| Action item |
When you reach the line with "ADULT DRAGON SHARK FORM FITTING FACE MASK" in the records below, begin transcribing exactly and continue up to and including the line with "Two Tone Side Stripe Straight Leg Trouser", leaving out every picture.

| Material to process |
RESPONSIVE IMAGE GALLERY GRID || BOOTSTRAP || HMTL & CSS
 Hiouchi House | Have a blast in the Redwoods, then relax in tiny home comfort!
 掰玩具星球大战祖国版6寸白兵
==
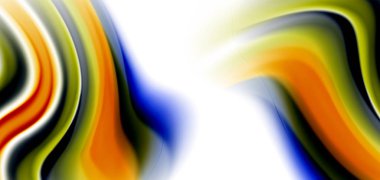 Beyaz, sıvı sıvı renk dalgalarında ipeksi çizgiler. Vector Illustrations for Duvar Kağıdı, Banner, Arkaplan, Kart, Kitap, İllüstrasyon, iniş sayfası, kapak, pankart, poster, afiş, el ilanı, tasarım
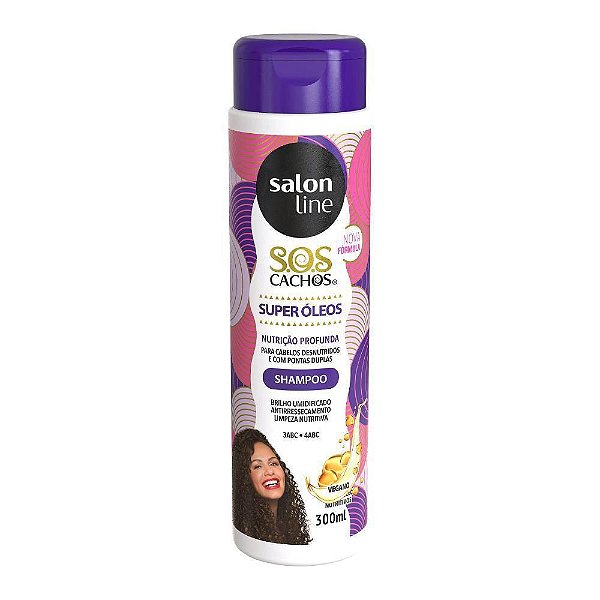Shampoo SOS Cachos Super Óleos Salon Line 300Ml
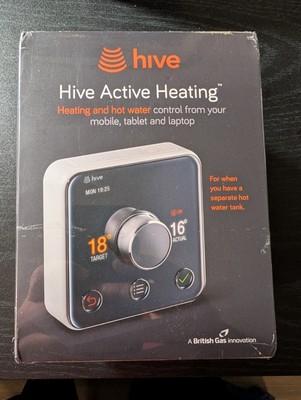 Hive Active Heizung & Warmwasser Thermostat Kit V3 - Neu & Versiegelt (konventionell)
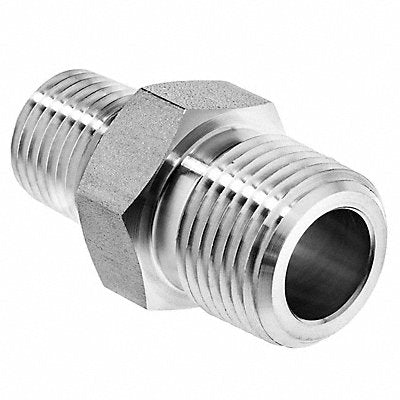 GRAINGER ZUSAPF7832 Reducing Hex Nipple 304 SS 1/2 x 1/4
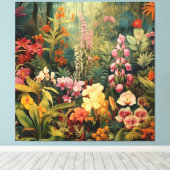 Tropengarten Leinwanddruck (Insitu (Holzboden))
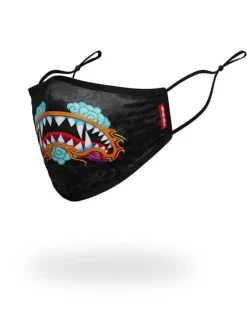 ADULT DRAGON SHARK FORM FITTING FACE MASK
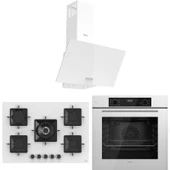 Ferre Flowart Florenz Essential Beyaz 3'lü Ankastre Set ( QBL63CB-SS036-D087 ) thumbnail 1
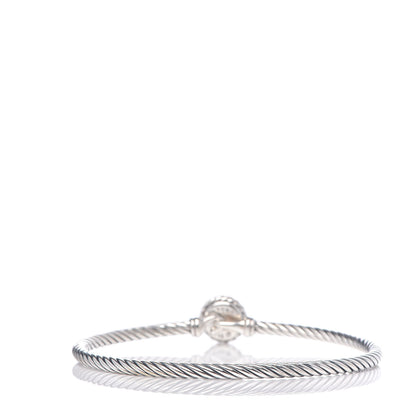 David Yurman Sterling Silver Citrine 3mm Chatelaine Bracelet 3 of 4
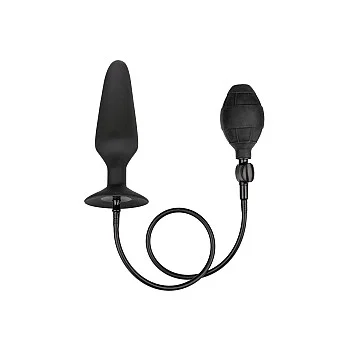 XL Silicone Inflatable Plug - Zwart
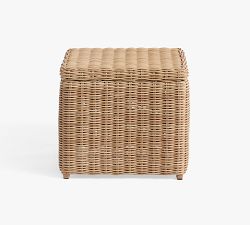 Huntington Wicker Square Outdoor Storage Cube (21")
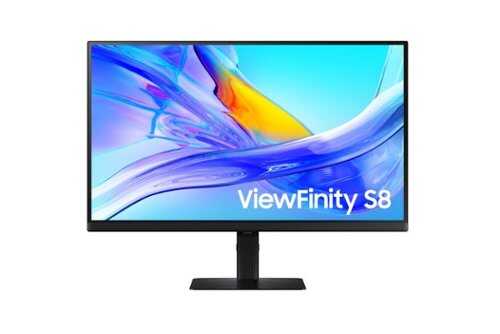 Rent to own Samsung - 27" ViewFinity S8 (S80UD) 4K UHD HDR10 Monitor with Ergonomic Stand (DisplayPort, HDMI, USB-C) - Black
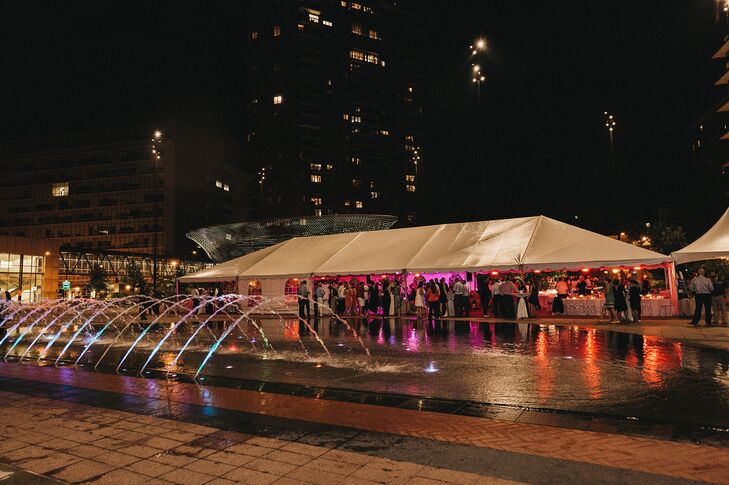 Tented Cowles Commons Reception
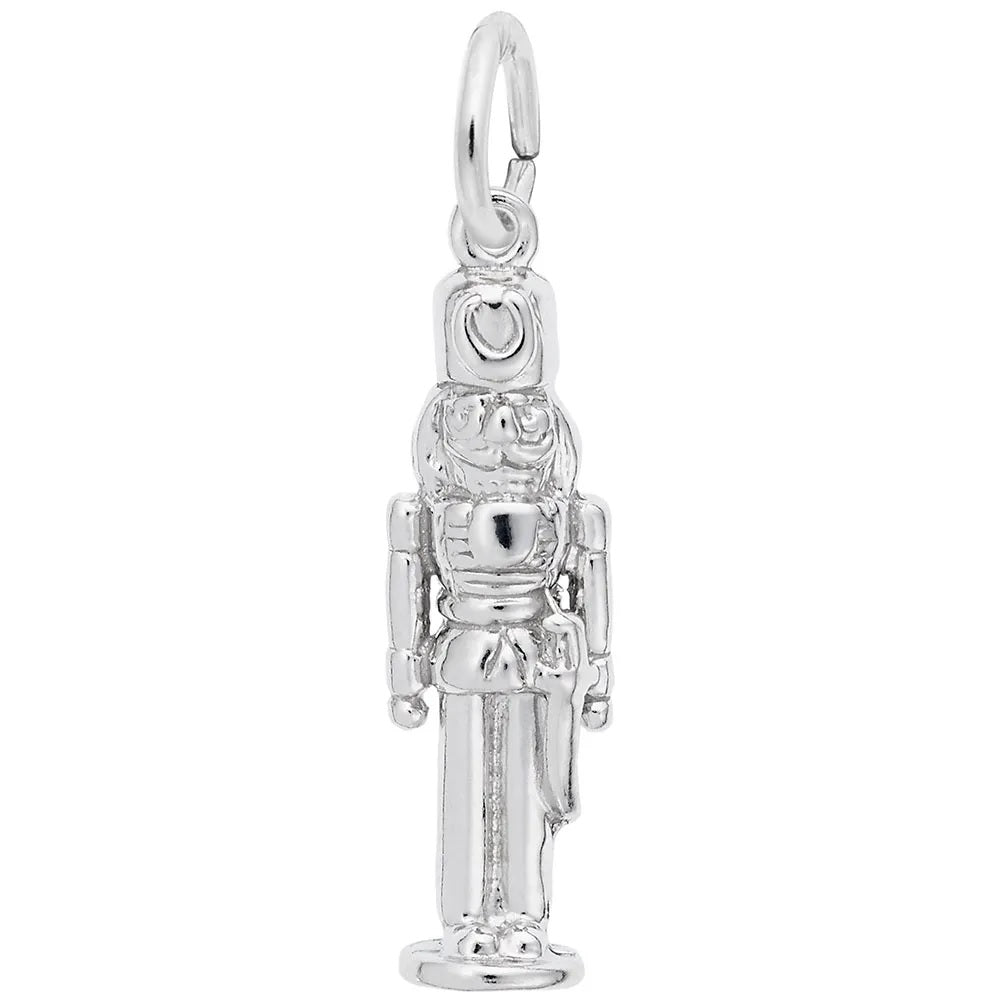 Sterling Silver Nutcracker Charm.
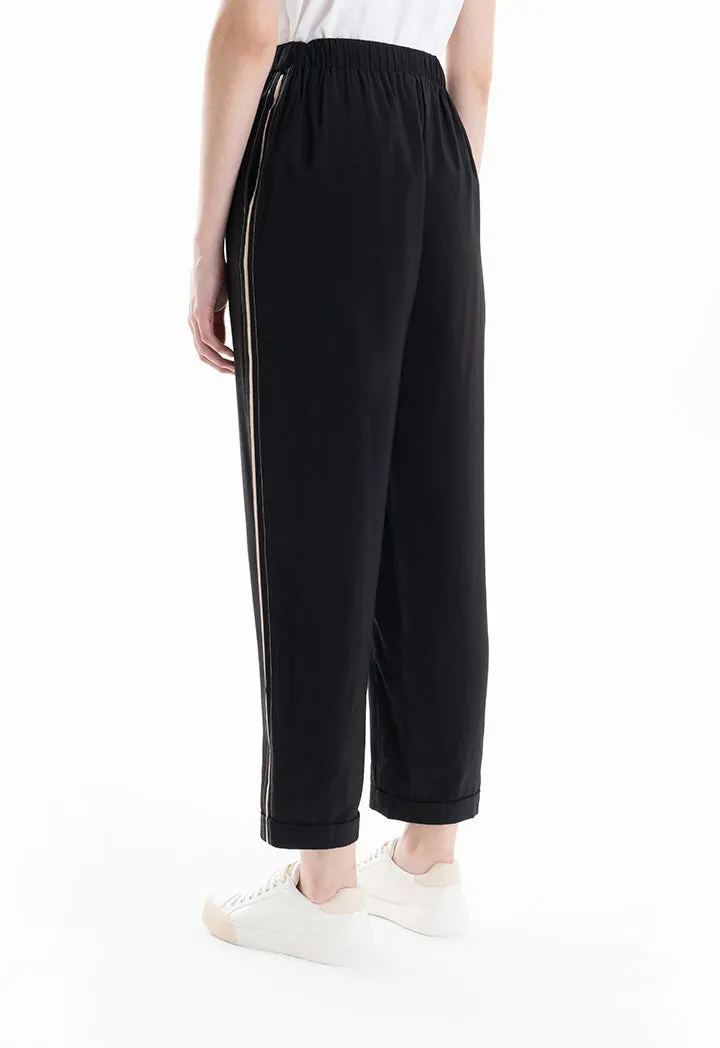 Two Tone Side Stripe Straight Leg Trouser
...
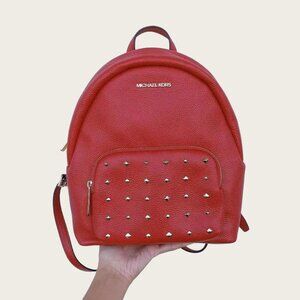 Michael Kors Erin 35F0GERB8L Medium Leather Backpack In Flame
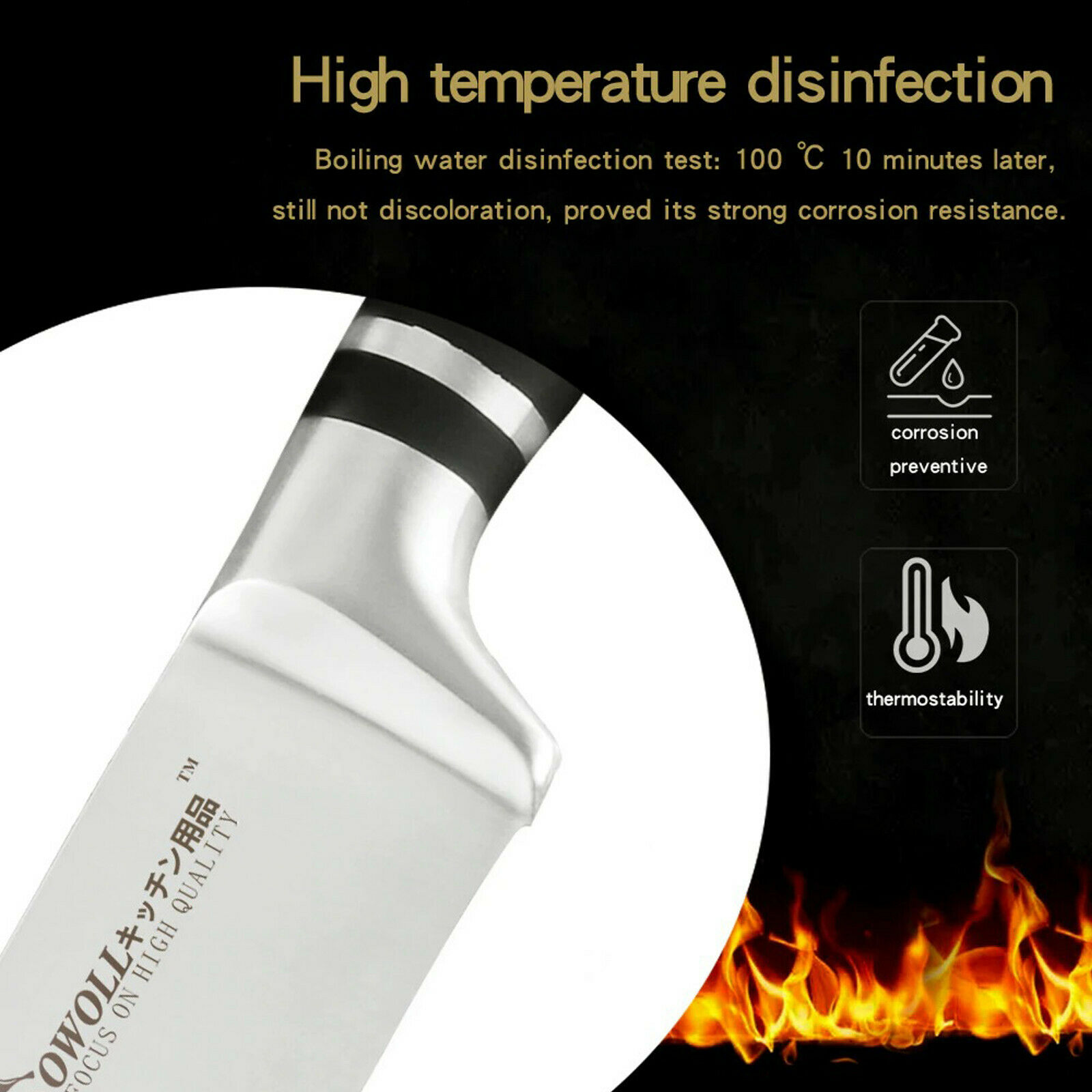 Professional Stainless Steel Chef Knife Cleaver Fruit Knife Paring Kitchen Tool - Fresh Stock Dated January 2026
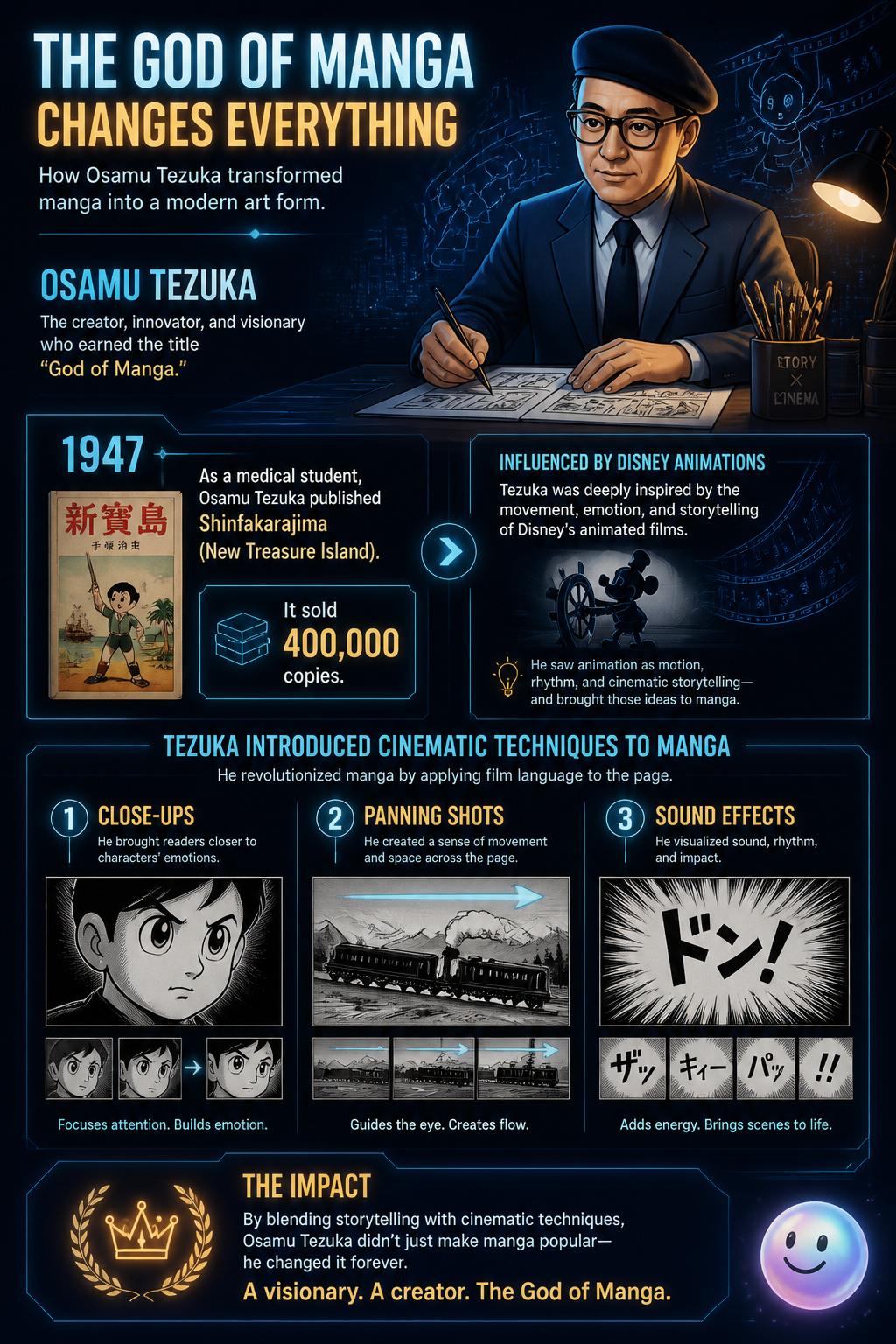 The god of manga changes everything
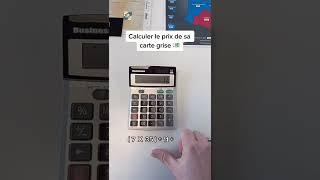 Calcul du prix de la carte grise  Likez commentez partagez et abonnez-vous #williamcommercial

| Result of the exercise |
 ADULT DRAGON SHARK FORM FITTING FACE MASK
 Ferre Flowart Florenz Essential Beyaz 3'lü Ankastre Set ( QBL63CB-SS036-D087 ) thumbnail 1
 David Yurman Sterling Silver Citrine 3mm Chatelaine Bracelet 3 of 4
 XL Silicone Inflatable Plug - Zwart
 Huntington Wicker Square Outdoor Storage Cube (21")
 Rent to own Samsung - 27" ViewFinity S8 (S80UD) 4K UHD HDR10 Monitor with Ergonomic Stand (DisplayPort, HDMI, USB-C) - Black
 Tented Cowles Commons Reception
 Sterling Silver Nutcracker Charm.
 Two Tone Side Stripe Straight Leg Trouser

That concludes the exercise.